In this example, $S$ is the list of expected responses to the $2^{1000000}$ possible input patters. And $T$ is the corresponding actual behaviors of your CPU, i.e., the actual output bits from the output pins. So $T$ is also the list of $1000000$-dimensional vectors of cardinality $2^{1000000}$.

Since we have only $10^{80}$ or so atoms in our entire universe, I think it is now clear how absurdly impossible to first make the golden list $S$ of correct responses and then compare actual output $T$ against it bit by bit; if you want to be practical, the size of your golden list better be at the very most in the order of the number of atoms on Earth, not gazillions of times the number of atoms in our galaxy.

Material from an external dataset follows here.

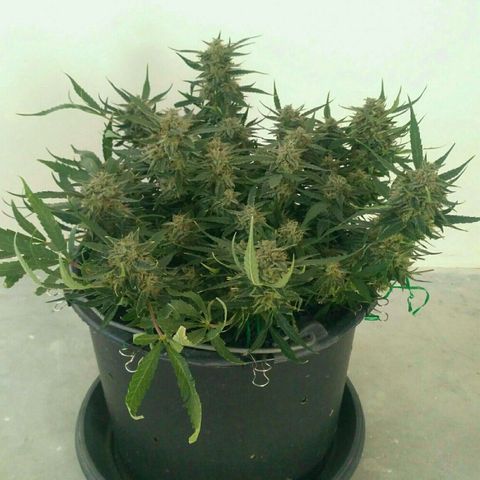Tutankhamon growlog timeline photo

The first thing you should do is to reduce the insane number $2^{1000000}$ to something more sober. This may be done by, for example, limiting the input patters to really important ones you definitely, absolutely want to check. Also, because you are the CPU designer who devised the product, you know how wires and stuff are (supposed to be) connected in the CPU, so you might be able to come up with a clever, small set of input patterns to test which reveals all practically important design flaws and manufacturing faults.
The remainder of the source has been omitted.